1. More free time.
One of the first things I’ve noticed about not having a phone is all the free time you have now. Think about the couple of seconds and minutes that you spent scrolling on your phone every time you have a moment, that time adds up. You can use all this newfound free time to be productive. The extra hour you gain can be used to catch up on work, read, procrastinate in other ways, or take a nap.
2. No more annoying apps.
Tinder, Snapchat, Instagram, Twitter, etc. Life without immediate access to these social apps is a lot less complicated. You start to lose the urge to stalk people on Facebook (Don’t act like you don’t), see who’s saying what about who subliminally on Twitter, and eventually you stop caring about a random snap chat or what your ex had for lunch on Instagram. Without a phone you start to live life without the fear of missing out on what your online “friends” are doing.
3. People don’t bother you anymore.
Smart phones are a source of anxiety, for a number of reasons, but mainly because they give so many other people access to you. Sometimes you don’t want to hear from anyone, and without a phone, people stop bothering you all the time, which is key if you are a person who appreciates some time alone. There are no new notifications to keep track of, no random drunk messages on the weekends, or annoying snapchat stories to go through. You get to talk and hear from the people who you want to hear more about. In a way, not having a phone gives you greater control over who you interact with in life.

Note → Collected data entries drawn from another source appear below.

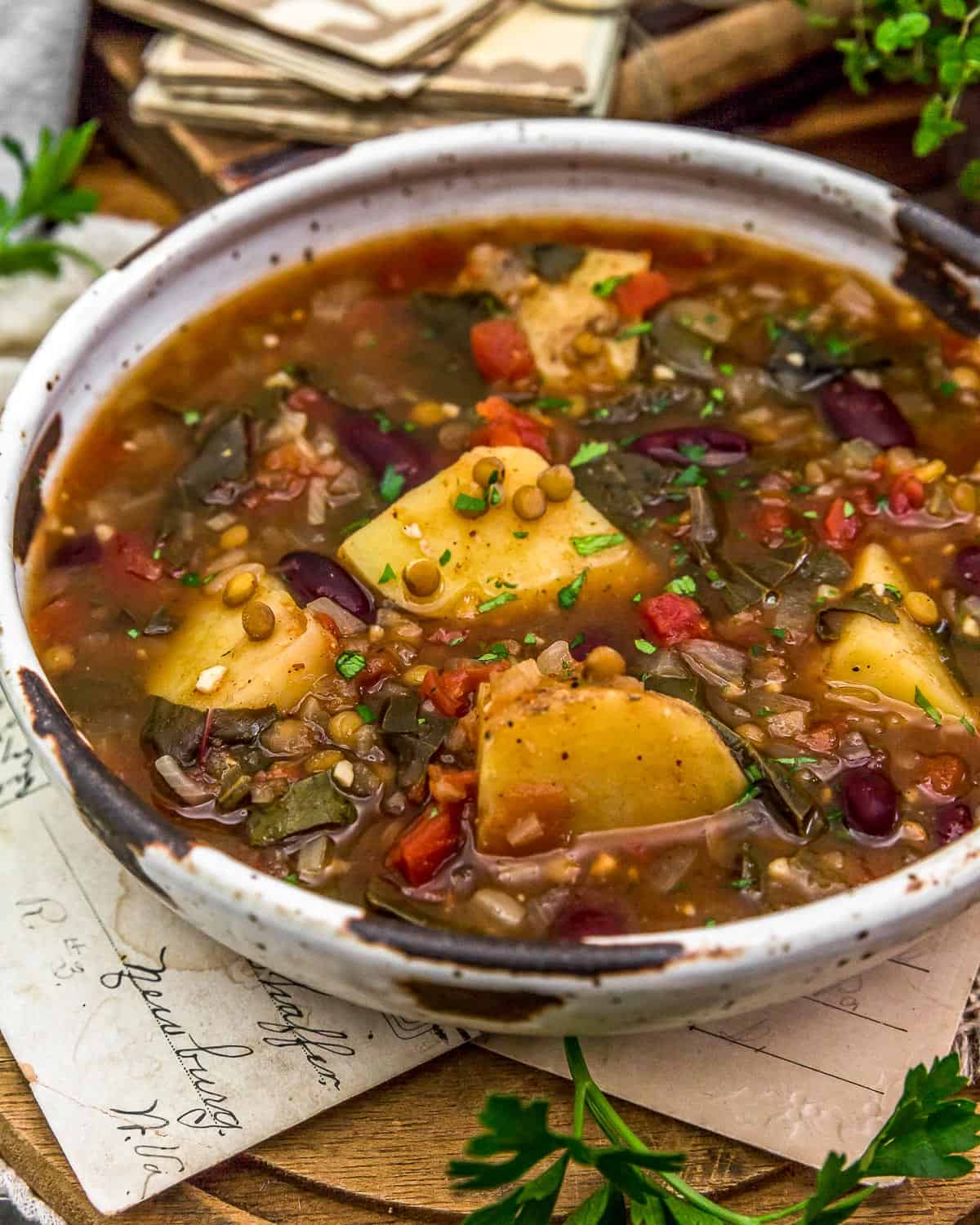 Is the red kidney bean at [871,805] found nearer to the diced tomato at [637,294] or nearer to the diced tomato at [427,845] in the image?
the diced tomato at [427,845]

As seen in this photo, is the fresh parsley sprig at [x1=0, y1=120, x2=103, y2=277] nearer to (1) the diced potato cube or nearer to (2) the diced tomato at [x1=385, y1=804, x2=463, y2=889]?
(1) the diced potato cube

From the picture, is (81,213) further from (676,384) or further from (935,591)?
(935,591)

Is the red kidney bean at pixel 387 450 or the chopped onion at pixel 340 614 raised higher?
the red kidney bean at pixel 387 450

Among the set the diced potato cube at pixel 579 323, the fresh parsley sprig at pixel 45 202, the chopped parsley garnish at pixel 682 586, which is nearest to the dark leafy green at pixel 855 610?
the chopped parsley garnish at pixel 682 586

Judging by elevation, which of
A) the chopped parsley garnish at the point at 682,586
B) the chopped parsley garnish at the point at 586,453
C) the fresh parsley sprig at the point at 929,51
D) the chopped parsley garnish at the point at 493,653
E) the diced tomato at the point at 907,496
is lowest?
the chopped parsley garnish at the point at 493,653

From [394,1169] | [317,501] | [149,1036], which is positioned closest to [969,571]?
[317,501]

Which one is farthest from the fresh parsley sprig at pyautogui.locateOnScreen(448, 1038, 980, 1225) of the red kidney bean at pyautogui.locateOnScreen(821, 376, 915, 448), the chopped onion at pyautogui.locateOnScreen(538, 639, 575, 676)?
the red kidney bean at pyautogui.locateOnScreen(821, 376, 915, 448)
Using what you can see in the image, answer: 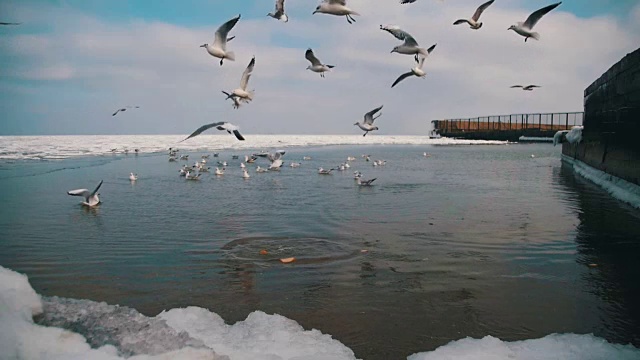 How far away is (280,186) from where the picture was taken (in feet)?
42.3

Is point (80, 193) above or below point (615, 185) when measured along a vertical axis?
above

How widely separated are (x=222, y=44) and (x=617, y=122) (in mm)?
8233

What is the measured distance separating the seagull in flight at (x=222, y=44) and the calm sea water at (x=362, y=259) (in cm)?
269

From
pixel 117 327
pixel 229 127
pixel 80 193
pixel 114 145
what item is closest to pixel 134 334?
pixel 117 327

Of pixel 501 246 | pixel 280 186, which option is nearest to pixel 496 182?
pixel 280 186

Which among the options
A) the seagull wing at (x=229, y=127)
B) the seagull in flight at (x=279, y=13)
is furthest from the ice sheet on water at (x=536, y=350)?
the seagull in flight at (x=279, y=13)

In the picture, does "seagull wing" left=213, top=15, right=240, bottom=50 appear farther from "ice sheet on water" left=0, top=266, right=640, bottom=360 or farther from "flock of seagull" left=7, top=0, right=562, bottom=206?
"ice sheet on water" left=0, top=266, right=640, bottom=360

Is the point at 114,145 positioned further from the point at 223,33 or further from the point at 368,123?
the point at 223,33

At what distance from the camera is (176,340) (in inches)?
128

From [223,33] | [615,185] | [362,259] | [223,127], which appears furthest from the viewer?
[615,185]

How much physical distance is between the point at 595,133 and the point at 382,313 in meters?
12.0

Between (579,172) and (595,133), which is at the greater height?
(595,133)

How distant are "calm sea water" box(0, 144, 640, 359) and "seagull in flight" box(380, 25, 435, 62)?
8.98ft

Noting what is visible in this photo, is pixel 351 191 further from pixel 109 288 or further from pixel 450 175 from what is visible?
pixel 109 288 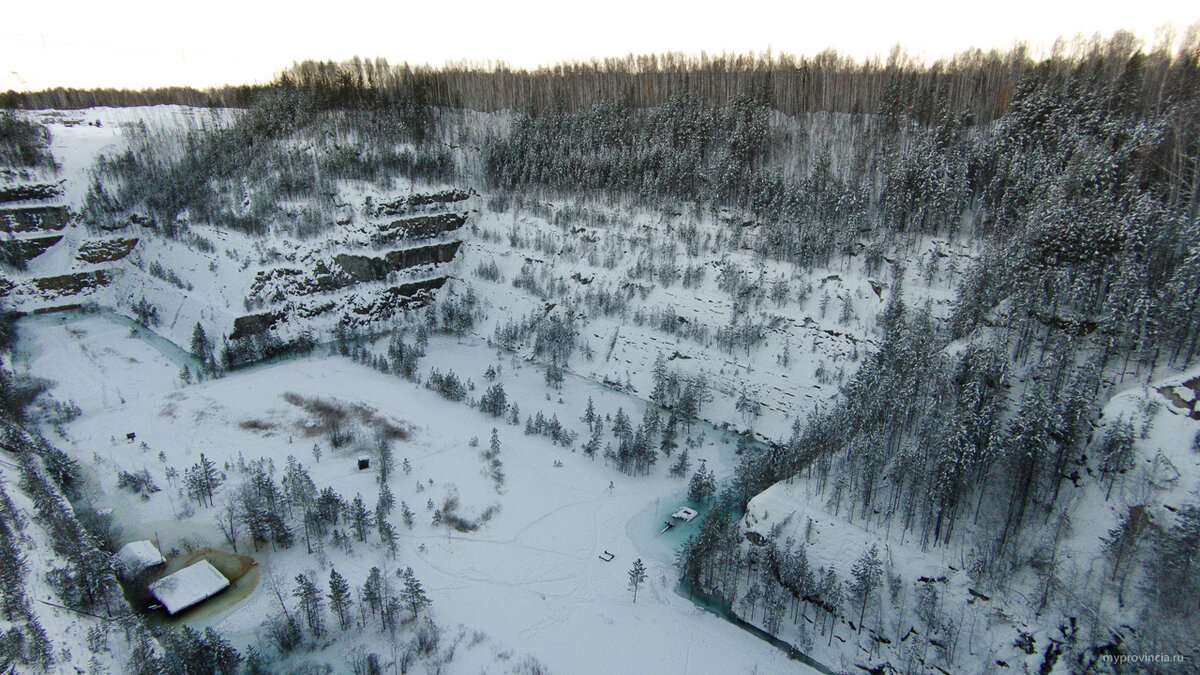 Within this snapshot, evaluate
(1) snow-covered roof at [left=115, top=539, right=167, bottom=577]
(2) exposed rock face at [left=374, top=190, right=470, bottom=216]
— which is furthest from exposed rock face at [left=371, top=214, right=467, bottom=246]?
(1) snow-covered roof at [left=115, top=539, right=167, bottom=577]

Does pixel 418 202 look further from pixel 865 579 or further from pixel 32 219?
pixel 865 579

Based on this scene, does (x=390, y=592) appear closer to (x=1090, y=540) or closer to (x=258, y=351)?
(x=1090, y=540)

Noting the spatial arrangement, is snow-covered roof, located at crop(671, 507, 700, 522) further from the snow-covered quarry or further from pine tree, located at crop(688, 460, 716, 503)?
pine tree, located at crop(688, 460, 716, 503)

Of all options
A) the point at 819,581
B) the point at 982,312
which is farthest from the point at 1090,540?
the point at 982,312

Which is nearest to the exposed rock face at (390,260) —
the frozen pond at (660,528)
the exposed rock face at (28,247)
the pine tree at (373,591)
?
the exposed rock face at (28,247)

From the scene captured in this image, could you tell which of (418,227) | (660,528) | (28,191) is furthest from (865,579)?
(28,191)

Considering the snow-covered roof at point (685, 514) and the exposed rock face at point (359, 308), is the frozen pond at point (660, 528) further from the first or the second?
the exposed rock face at point (359, 308)

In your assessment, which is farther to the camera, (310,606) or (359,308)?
(359,308) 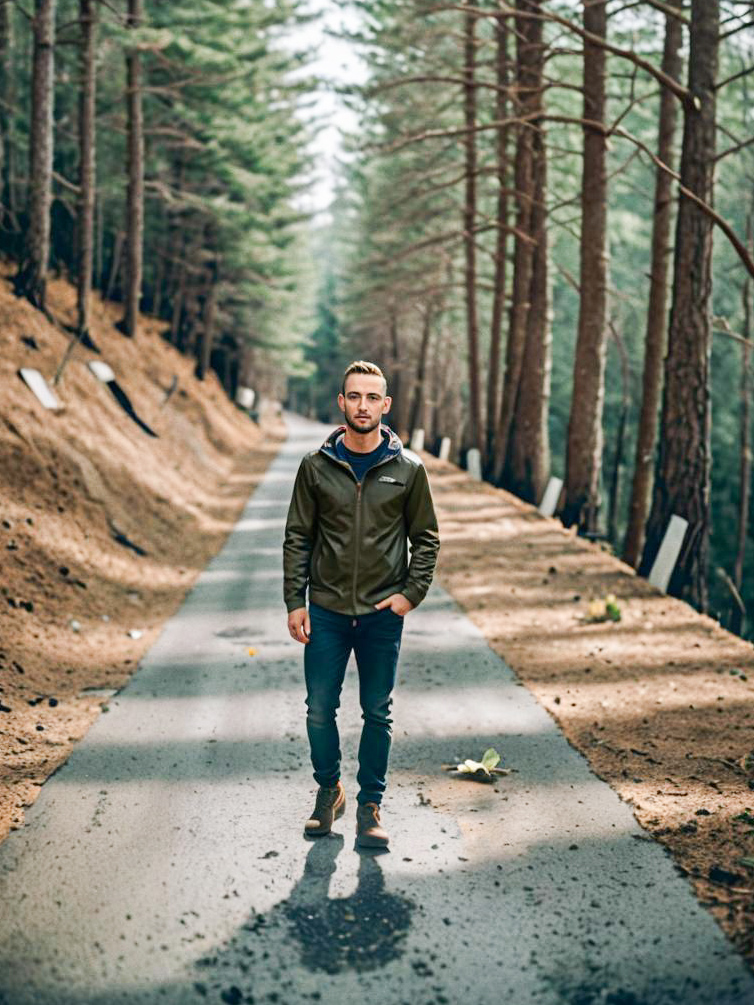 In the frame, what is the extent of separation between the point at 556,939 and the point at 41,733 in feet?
13.8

4. Other ways of communicating are more in depth, and more insightful.
The best thing about not having a phone is that you don’t text anymore. I hate texting and everything that comes with it. Imagine a world where you don’t have to play the waiting game, decipher the tone of a text, or ask your friends to interpret an ambiguous message. No need to imagine, because that’s what the world was like up until the early 2000’s and it was awesome. Besides “old fashion” face to face communication, there’s also Skype, writing an actual letter, or emailing; hell even Facebook messaging beats texting. These other forms of communicating are more in depth, and more insightful and because of that, more rewarding and beneficial for you.
5. You actually start to make real plans.
The biggest challenge for me without a phone is that you actually have to start making real plans. Before, I was able to text a friend when I’m already near by and figure out plans from there. Now I have to actually plan things ahead, and it’s amazing. People are a lot less flaky when you ask them to make a commitment to a time and place in advance.